Vermilion River Observatory
- Alternative names: VRO
- Organization: University of Illinois Urbana-Champaign ;
- Location: Illinois
- Coordinates: 40°03′40″N 87°33′40″W﻿ / ﻿40.0611°N 87.5611°W
- Established: 1959
- Closed: 1981
- Telescopes: Illinois 120-foot telescope; Illinois 400-foot radio telescope ;
- Location of Vermilion River Observatory

= Vermilion River Observatory =

The Vermilion River Radio Observatory (VRO) was a research facility operated by the University of Illinois from 1959 to 1984, featuring a 400 ft linear parabolic radio telescope. The instrument took advantage of natural terrain to form a reflector and antenna array that used the earth's rotation to sweep a sector of the sky for astronomical radio sources. The 420 acre site was a pioneering facility in radio astronomy.

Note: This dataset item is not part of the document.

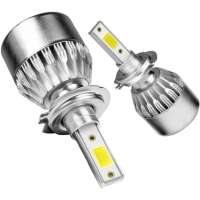 Светодиодные лампы LED для авто LEDZILLA C6 H7 18Вт 12В лампочки для автомобилей в фары, комплект 2шт C6-H7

==Parabolic array radio telescope==
The site was chosen after an aerial survey indicated that the site was naturally contoured to require the least effort to excavate a 600 ft by 400 ft north–south trough for the parabolic cylinder shape that would focus radio waves into a receiver array. Located near the Vermilion River, the site was about 45 mi from the university campus, near Danville, Illinois. Work began in 1959. Once the natural ravine was shaped, it was covered with asphalt and wire mesh, forming a reflector aimed by the Earth's rotation to sweep the sky. A wood trestle 153 ft high was built at the reflector's focus to carry the receivers. The array was configured to allow phasing adjustments to sweep 60 degrees of sky. The facility was suitable for conducting survey work over large areas of sky, but could not be used to study specific targets.

The telescope project was led by electrical engineering professor George Swenson, under the founding impetus of University of Illinois Astronomical Observatory director George C. McVittie. Professor Y.T. Lo designed the antenna array, using a logarithmic conical spiral concept originated by professor John Dyson. Feed elements and the recording system were designed by research engineer Kwang-Shui Yang and student Kenneth Seib, using commercial radio receiving equipment. The array was optimized for study at a 49-centimeter wavelength.

The array mapped a significant portion of the northern hemisphere's sky, allowing the compilation of a catalog of astronomical radio sources. It identified more than 1,000 discrete radio sources beyond the Milky Way, as well as radio-emitting ionized hydrogen regions within the Milky Way. The array found two new supernova remnants. The most notable radio source discovered by the VRO is active galactic nucleus VRO 42.22.01, the prototype for BL Lacertae objects.

==120-foot steerable radio telescope==
In 1967 Swenson proposed an array of three steerable 120 ft parabolic dishes, which could be used to study individual features. The three receivers were to be used as an interferometer to achieve high angular resolution. The new telescope would operate at 49 centimeters and 18 centimeters. Only one of the three dishes was funded by the National Science Foundation and built to a conceptual design by Neil Stafford of the Stanford Research Institute, leaving it most effective as a spectrometer initially. It was built by university staff and students. Starting in 1974 it was linked to other locations to perform the very long baseline interferometry studies it was intended for.

==Channel 37==
The 49 cm band is equivalent to about 610 megahertz, coinciding with UHF television channel 37. After concern was expressed that even distant transmitters would interfere with astronomical research at the VRO site, the Federal Communications Commission decided in 1963 not to allocate Channel 37 to any transmitters in the United States.

==Closure==
Erosion in the natural stream valley gradually deformed the linear reflector, and it was taken out of use by 1970. The site was repeatedly vandalized. A 1981 vandalism incident damaged the steerable dish enough that it was disabled, and the site was finally decommissioned in 1984. The property is used for ecological studies and cropland by the University of Illinois and Illinois state agencies. The old observatory buildings are used for laboratories.